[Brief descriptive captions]

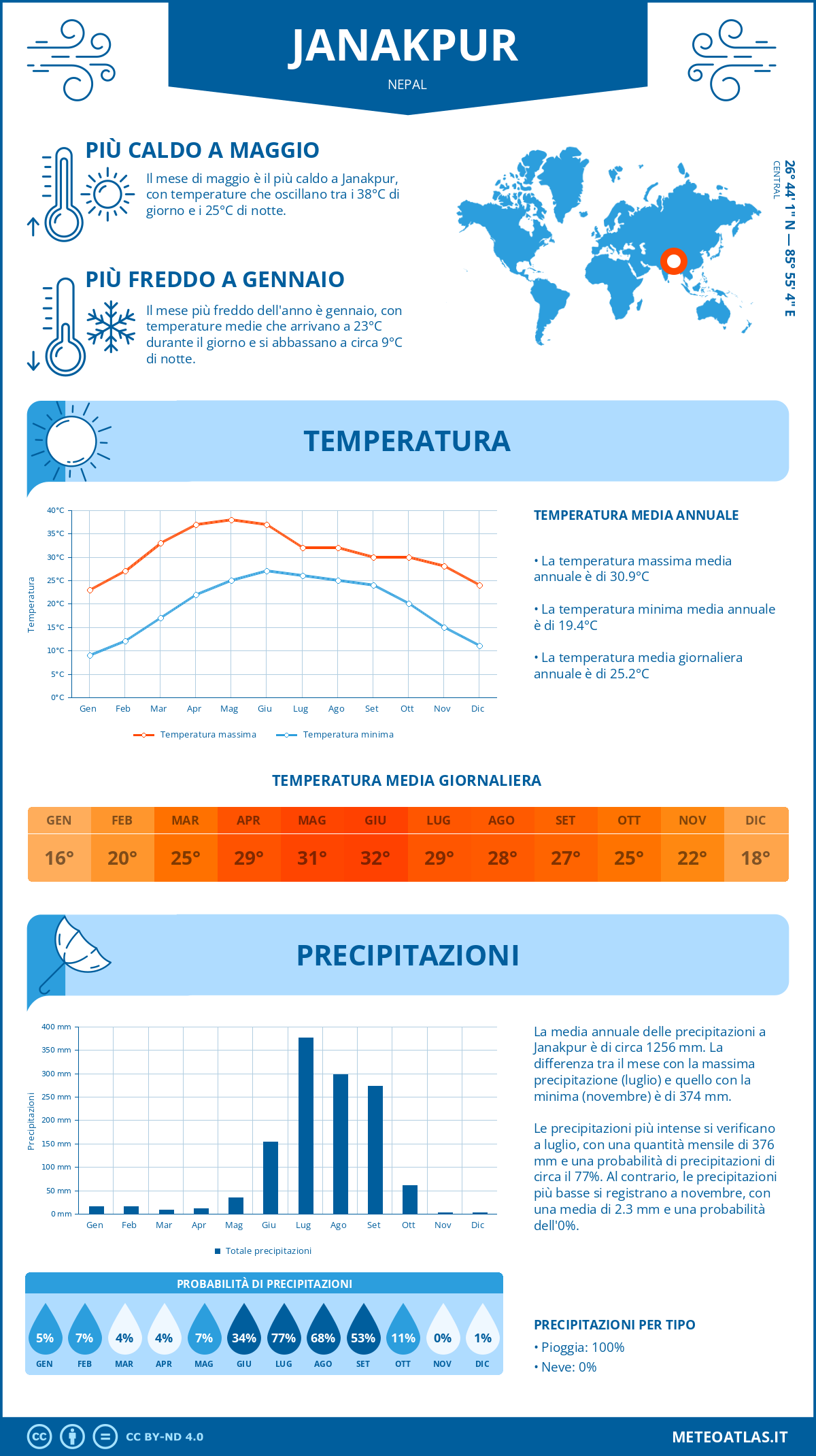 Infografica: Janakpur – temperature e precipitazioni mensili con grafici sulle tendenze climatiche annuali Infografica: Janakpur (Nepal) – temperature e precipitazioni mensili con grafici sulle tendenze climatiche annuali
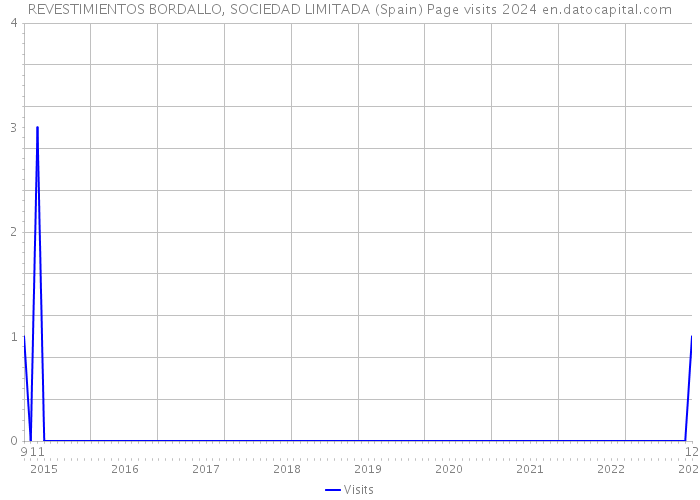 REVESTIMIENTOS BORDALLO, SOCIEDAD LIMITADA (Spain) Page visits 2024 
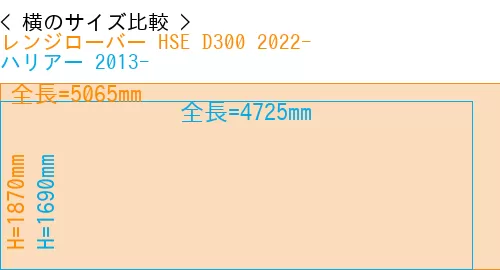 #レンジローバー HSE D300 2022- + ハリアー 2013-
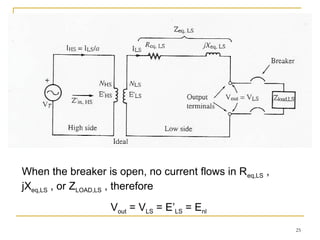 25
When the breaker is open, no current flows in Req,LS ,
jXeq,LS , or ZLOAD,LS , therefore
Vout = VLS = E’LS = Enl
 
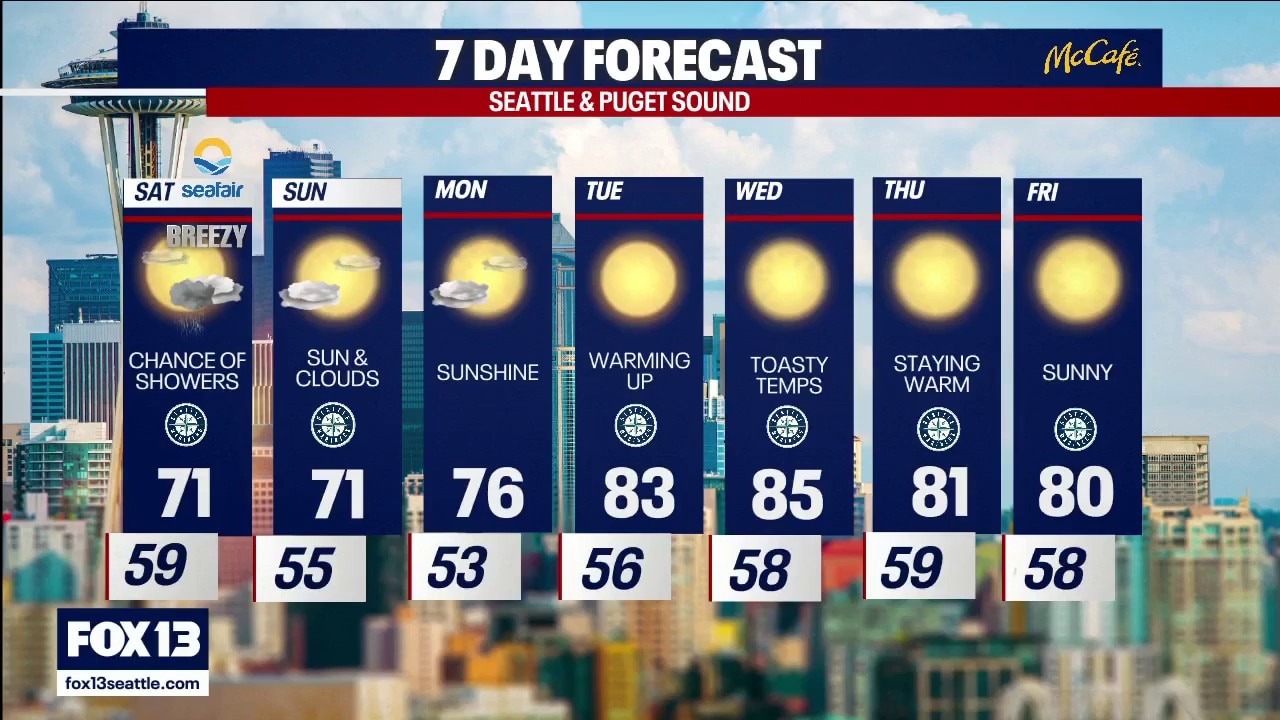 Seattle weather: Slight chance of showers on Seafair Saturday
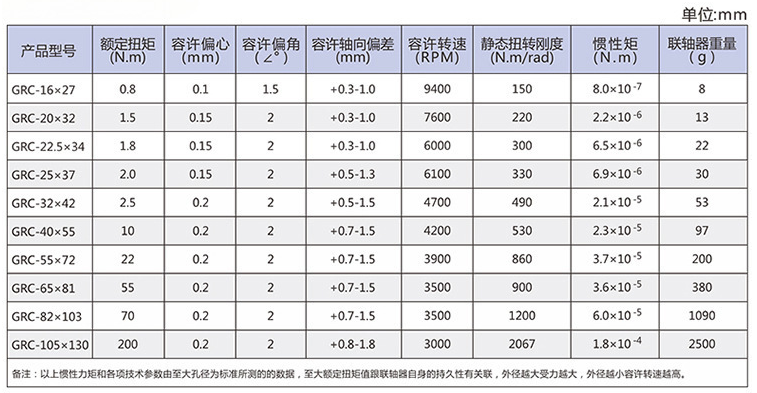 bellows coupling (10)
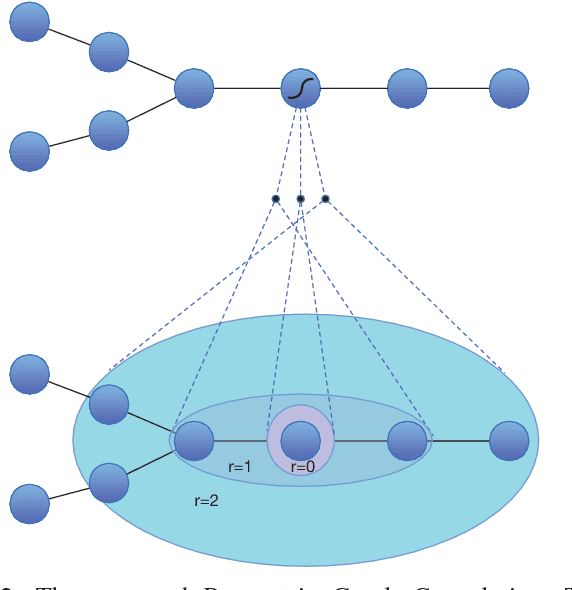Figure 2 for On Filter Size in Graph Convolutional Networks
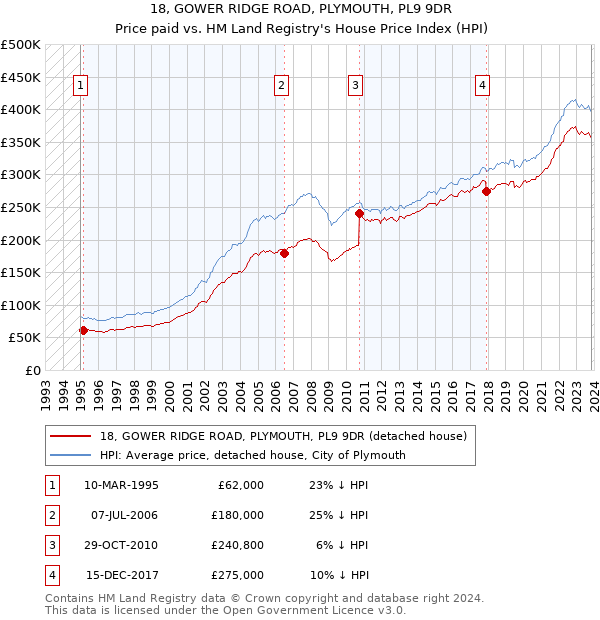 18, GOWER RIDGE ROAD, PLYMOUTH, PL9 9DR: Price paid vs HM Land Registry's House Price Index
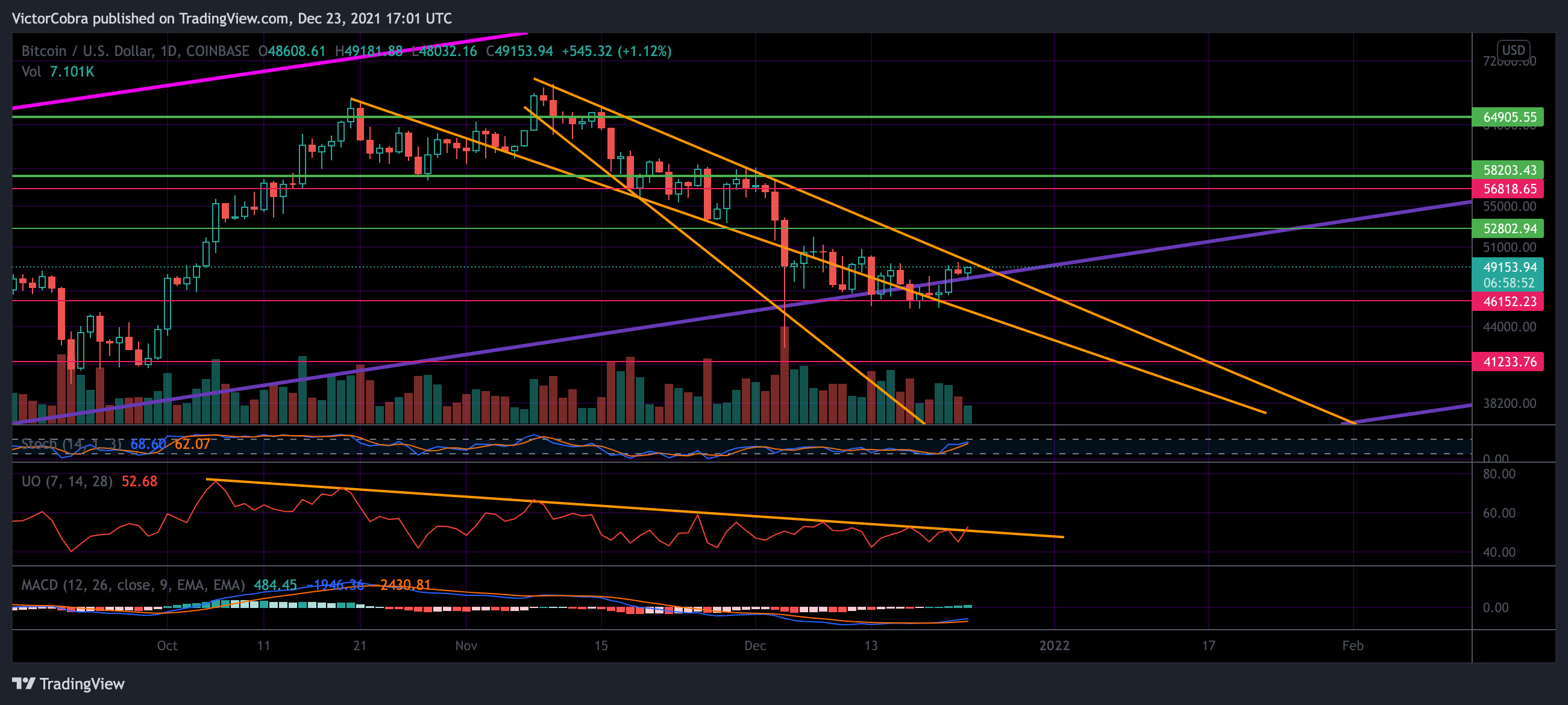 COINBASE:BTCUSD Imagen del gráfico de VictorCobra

EXERCISE DIRECTIONS - Only the text of the records above is to be reproduced, exactly as given; the pictures are dropped.

PROBLEM SOLUTION -
 Infografica: Janakpur – temperature e precipitazioni mensili con grafici sulle tendenze climatiche annuali Infografica: Janakpur (Nepal) – temperature e precipitazioni mensili con grafici sulle tendenze climatiche annuali
 REVESTIMIENTOS BORDALLO, SOCIEDAD LIMITADA (Spain) Page visits 2024 
 #レンジローバー HSE D300 2022- + ハリアー 2013-
 25
When the breaker is open, no current flows in Req,LS ,
jXeq,LS , or ZLOAD,LS , therefore
Vout = VLS = E’LS = Enl
 
 Seattle weather: Slight chance of showers on Seafair Saturday
 bellows coupling (10)
Figure 2 for On Filter Size in Graph Convolutional Networks
 18, GOWER RIDGE ROAD, PLYMOUTH, PL9 9DR: Price paid vs HM Land Registry's House Price Index
 COINBASE:BTCUSD Imagen del gráfico de VictorCobra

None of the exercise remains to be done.